### Task prompt
Retype the records in full, and please keep the pictures out of the copy.
** Opening Records for this exercise block **
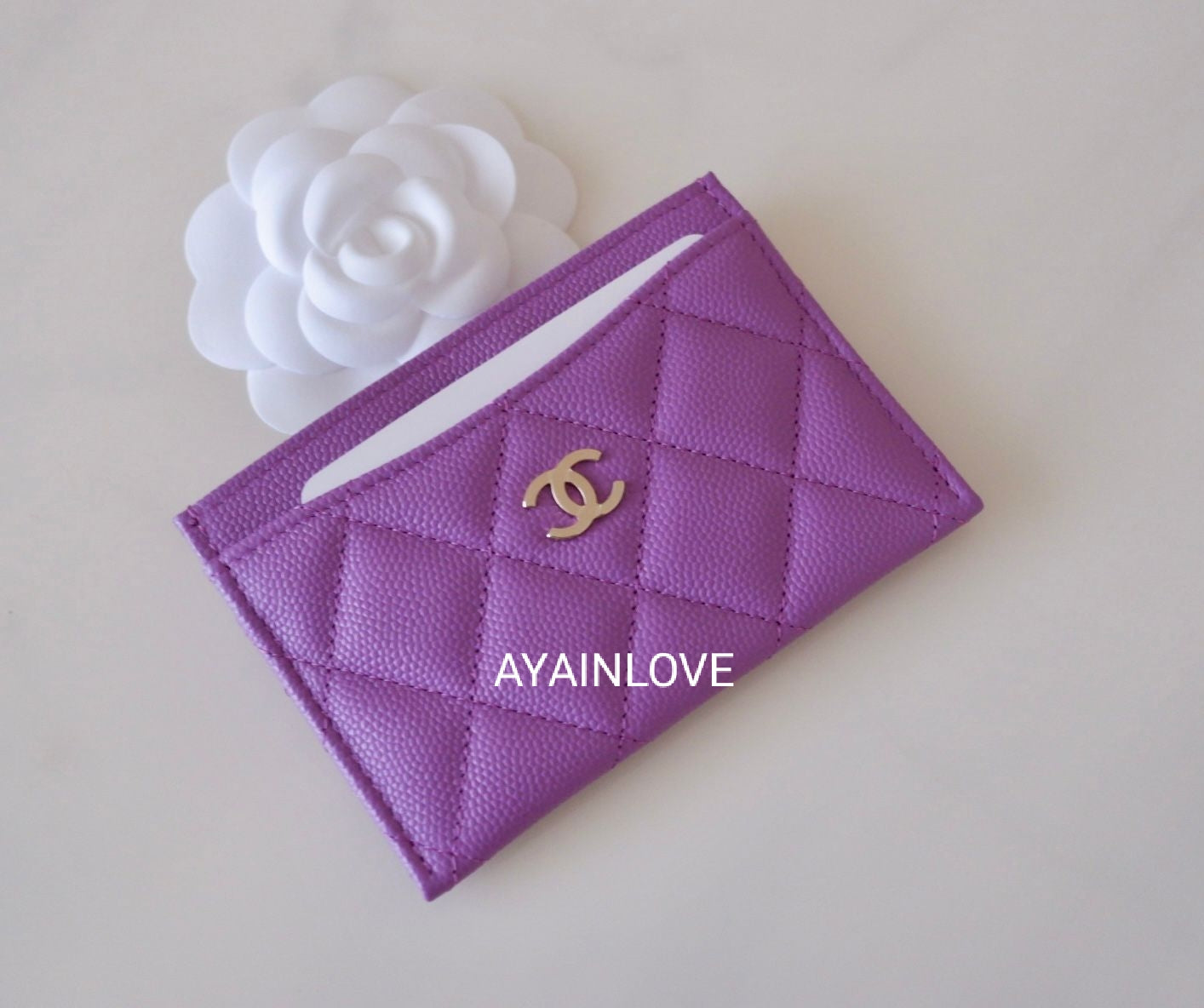 22S PURPLE CAVIAR FLAT CARD HOLDER LIGHT GOLD HARDWARE NEW – AYAINLOVE  CURATED LUXURIES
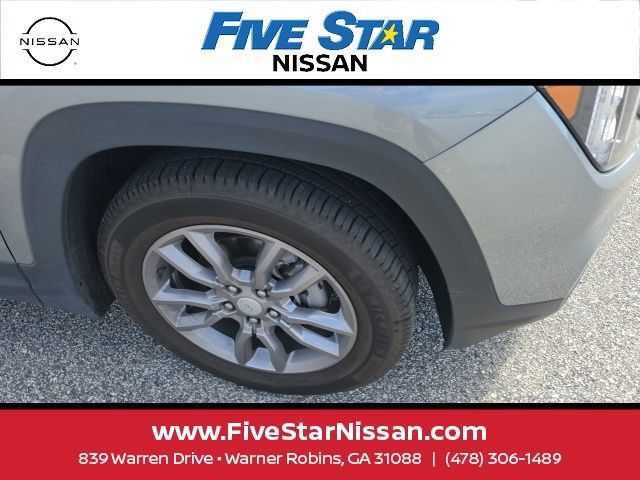 Used 2023 GMC Terrain SLT FWD image 4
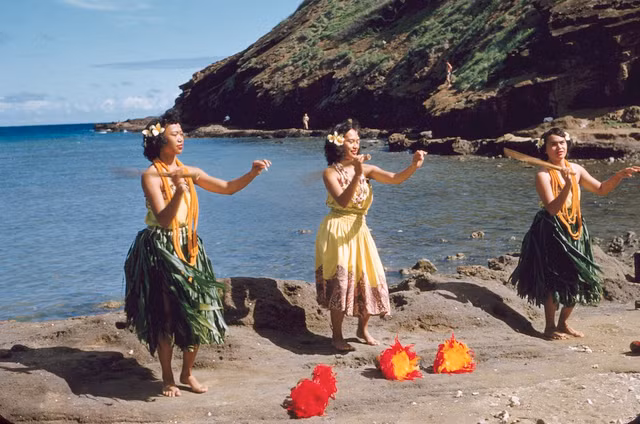 Cuộc sống 'như tiên' trên đảo Hawaii 7 thập kỷ trước - Hình 6 Cuoc song 'nhu tien' tren dao Hawaii 7 thap ky truoc-Hinh-6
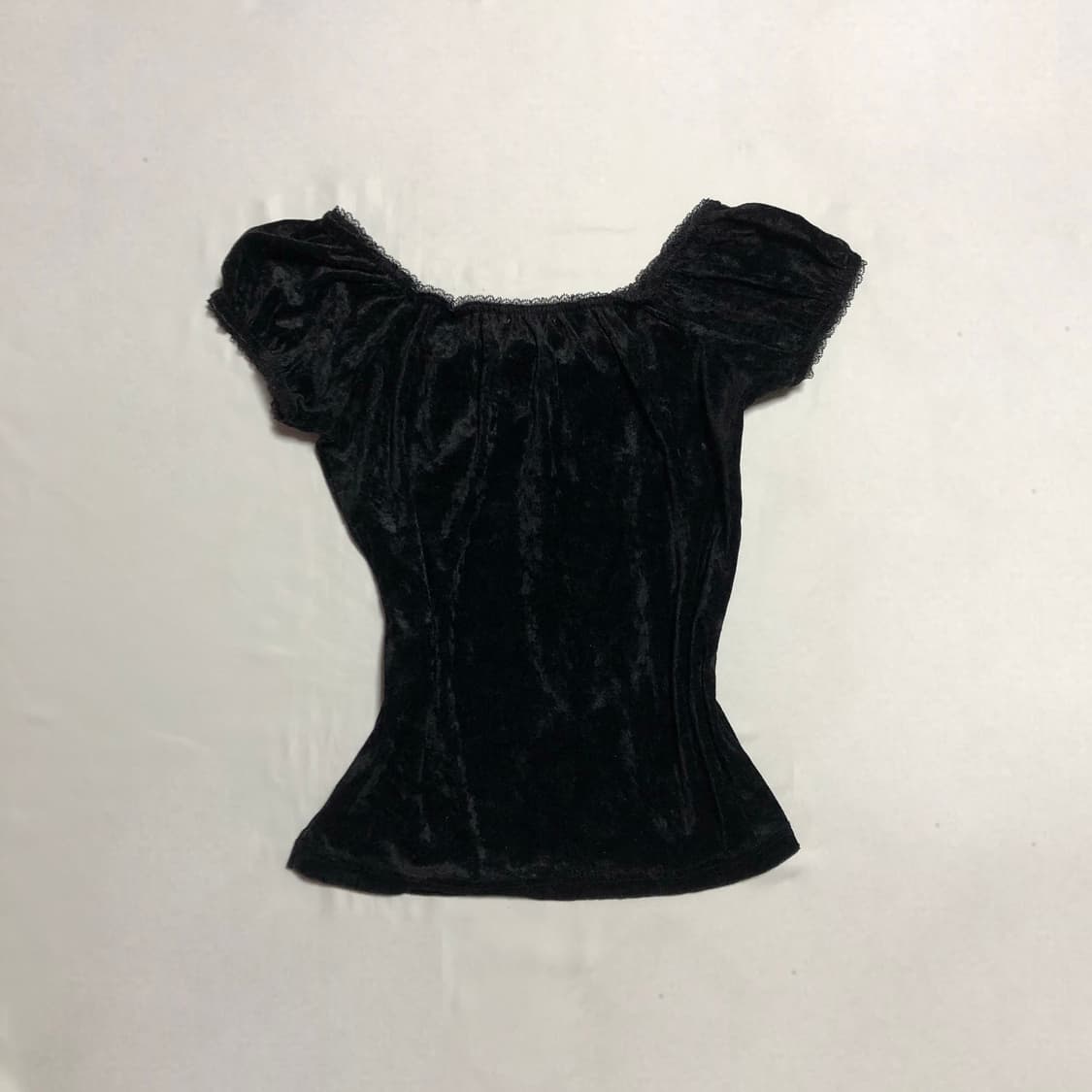 벨루어 리본 퍼프 슬리브 탑 블랙 상품이미지3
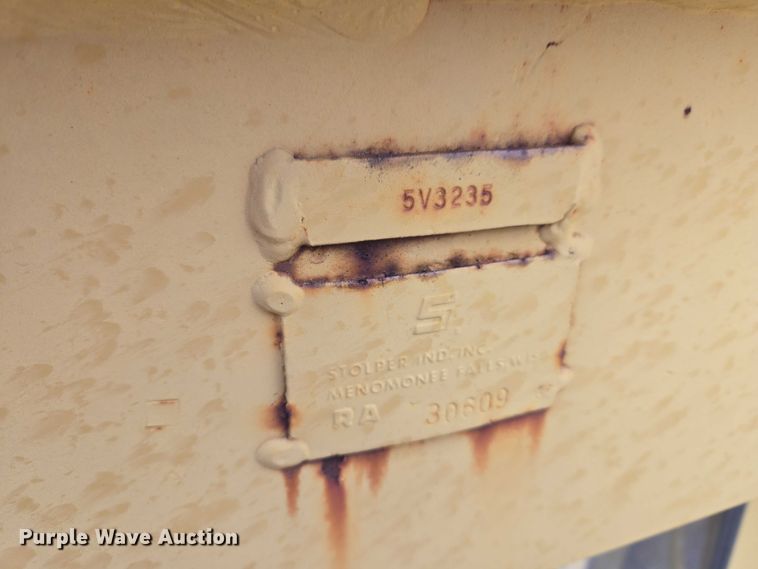 image for item ET5364 1982 Caterpillar 966D wheel loader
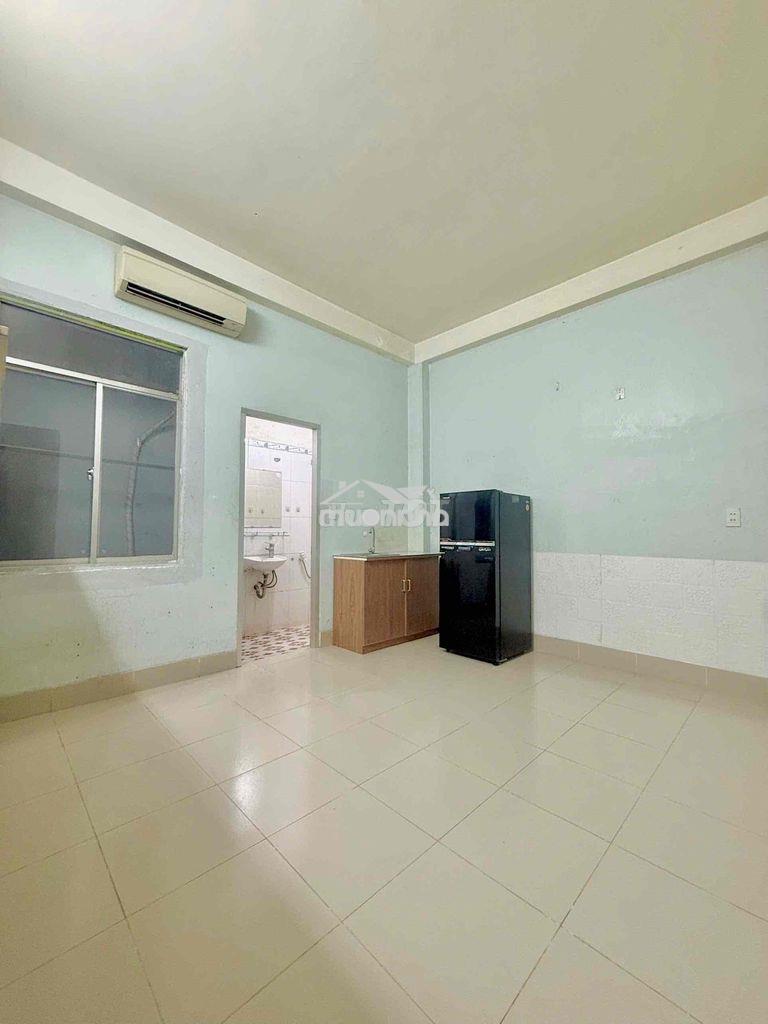 Phòng 4tr/tháng hẻm 163 tô hiến thành p13 quận 10.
** Closing Records for this exercise block **
### Worked solution
 22S PURPLE CAVIAR FLAT CARD HOLDER LIGHT GOLD HARDWARE NEW – AYAINLOVE  CURATED LUXURIES
 Used 2023 GMC Terrain SLT FWD image 4
 Cuộc sống 'như tiên' trên đảo Hawaii 7 thập kỷ trước - Hình 6 Cuoc song 'nhu tien' tren dao Hawaii 7 thap ky truoc-Hinh-6
 벨루어 리본 퍼프 슬리브 탑 블랙 상품이미지3
 image for item ET5364 1982 Caterpillar 966D wheel loader
 Phòng 4tr/tháng hẻm 163 tô hiến thành p13 quận 10.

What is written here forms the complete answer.